» EXERCISE REQUIREMENTS
In the entries below, begin at the line that has "a kitchen with stainless steel appliances granite" and stop after the line that has "Prosciutto and Mini"; output those lines exactly, leaving out pictures.
(AVAILABLE DATA)
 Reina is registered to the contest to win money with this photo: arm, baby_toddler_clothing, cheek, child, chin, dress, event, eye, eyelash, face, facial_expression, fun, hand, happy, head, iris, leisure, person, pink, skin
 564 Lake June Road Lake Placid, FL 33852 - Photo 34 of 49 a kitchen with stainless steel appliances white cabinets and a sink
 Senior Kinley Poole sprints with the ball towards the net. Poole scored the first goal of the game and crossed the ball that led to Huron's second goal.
(End AVAILABLE DATA)
(AVAILABLE DATA)
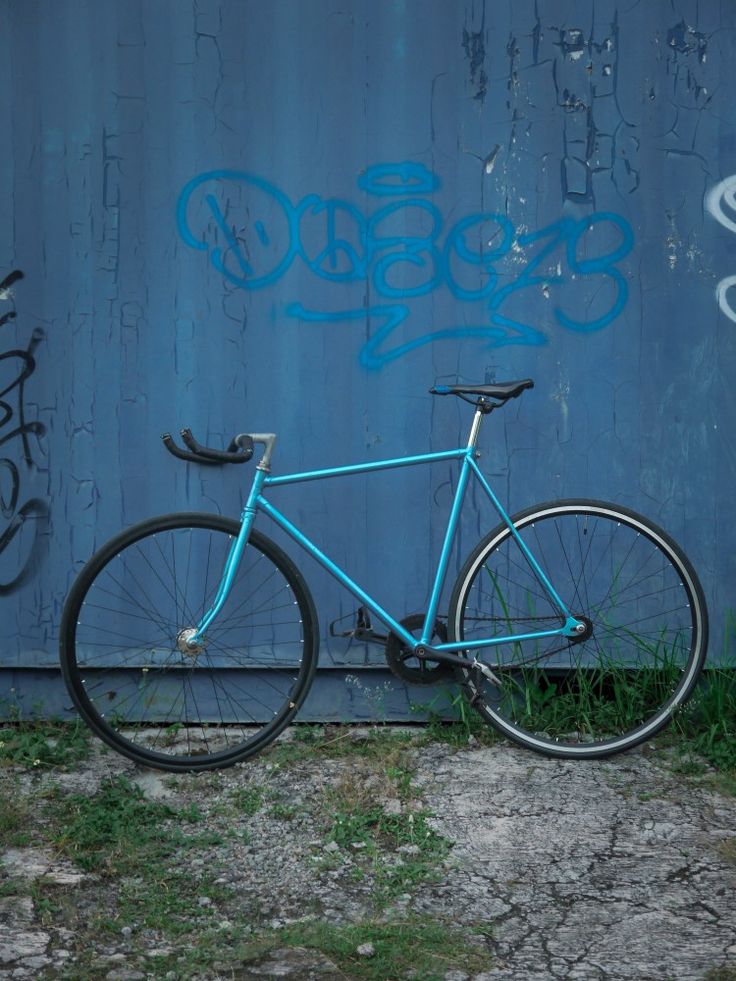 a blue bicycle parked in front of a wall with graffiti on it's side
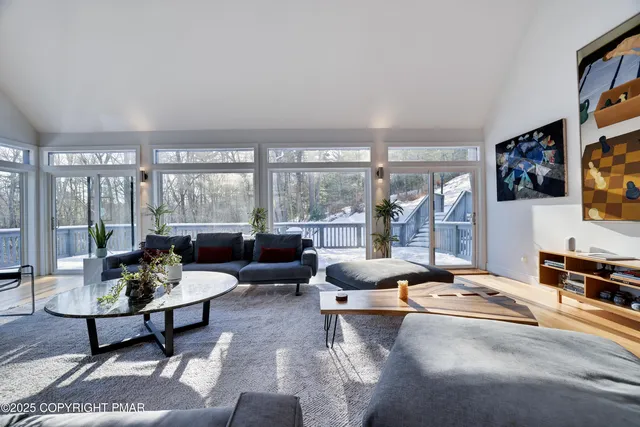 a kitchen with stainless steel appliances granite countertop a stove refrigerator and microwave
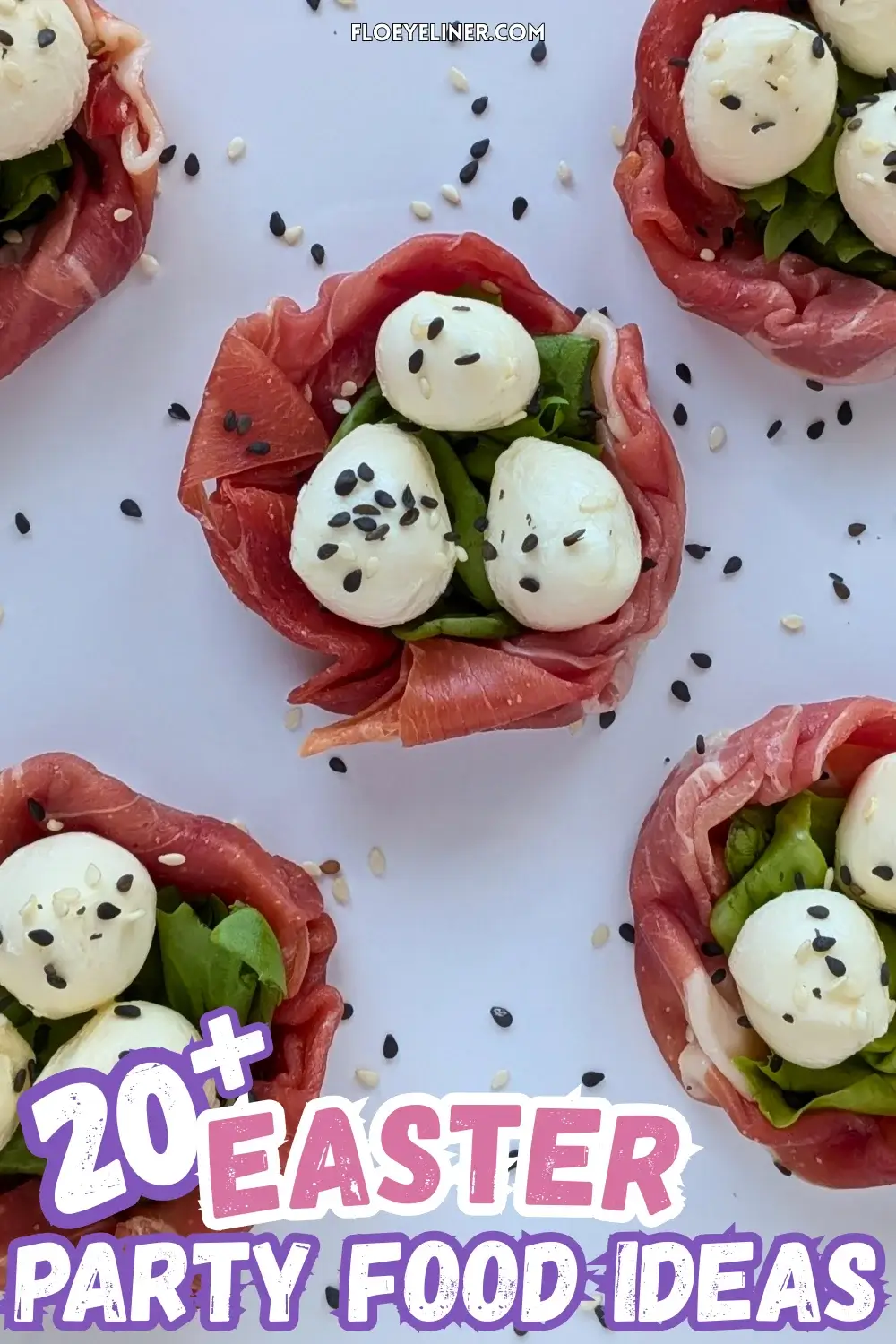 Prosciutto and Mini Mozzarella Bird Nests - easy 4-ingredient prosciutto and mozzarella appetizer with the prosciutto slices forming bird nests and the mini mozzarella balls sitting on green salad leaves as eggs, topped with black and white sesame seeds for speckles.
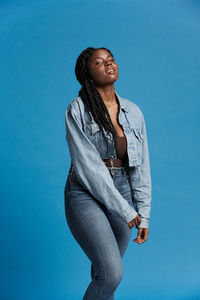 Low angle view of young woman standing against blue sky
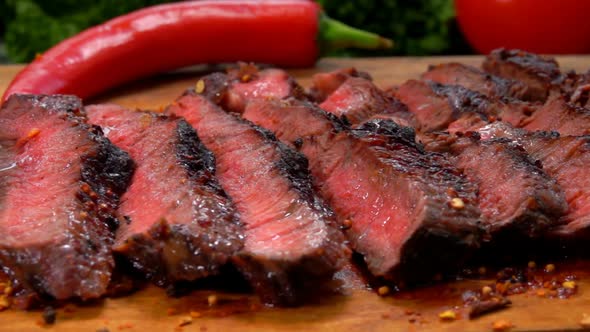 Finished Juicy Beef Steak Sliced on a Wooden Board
(End AVAILABLE DATA)
» SOLUTION FOR THIS EXERCISE
 a kitchen with stainless steel appliances granite countertop a stove refrigerator and microwave
 Prosciutto and Mini Mozzarella Bird Nests - easy 4-ingredient prosciutto and mozzarella appetizer with the prosciutto slices forming bird nests and the mini mozzarella balls sitting on green salad leaves as eggs, topped with black and white sesame seeds for speckles.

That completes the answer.